What to work on:
Using only the entries below, copy exactly the lines that begin at the one with "梅西与C罗西甲经典对决五大瞬间回顾与分析" and end at the one with "The little book", both included. Drop the pictures.

Records shown:
:::::

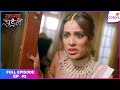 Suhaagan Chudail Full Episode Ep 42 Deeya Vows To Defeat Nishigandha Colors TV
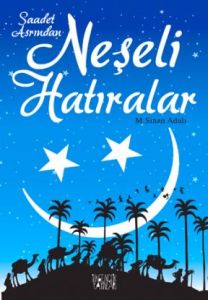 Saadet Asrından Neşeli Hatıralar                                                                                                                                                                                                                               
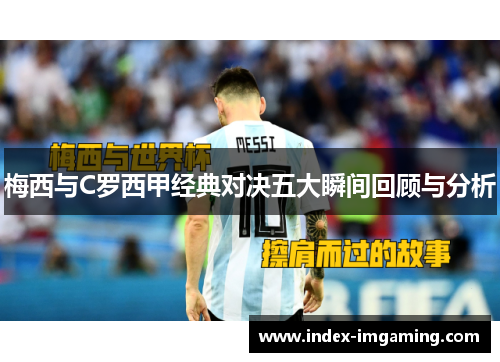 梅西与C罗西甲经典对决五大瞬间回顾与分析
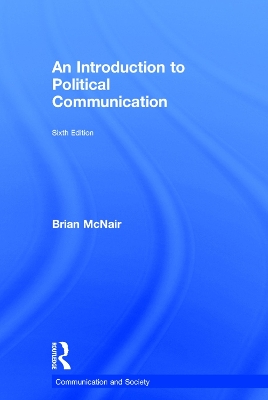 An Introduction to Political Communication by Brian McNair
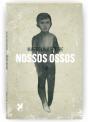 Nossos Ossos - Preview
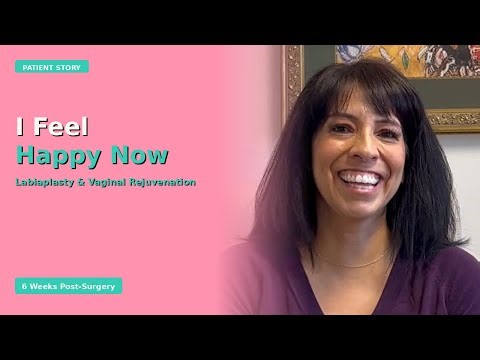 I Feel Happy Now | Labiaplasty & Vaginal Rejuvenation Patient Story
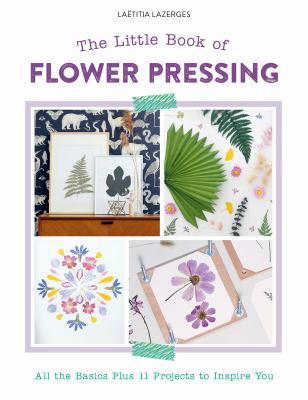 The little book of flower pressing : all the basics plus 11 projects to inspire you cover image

:::::

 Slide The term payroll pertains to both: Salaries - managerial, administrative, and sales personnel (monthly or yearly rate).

:::::

Solution to this task:
 梅西与C罗西甲经典对决五大瞬间回顾与分析
 An Introduction to Political Communication by Brian McNair
 Nossos Ossos - Preview
 I Feel Happy Now | Labiaplasty & Vaginal Rejuvenation Patient Story
 The little book of flower pressing : all the basics plus 11 projects to inspire you cover image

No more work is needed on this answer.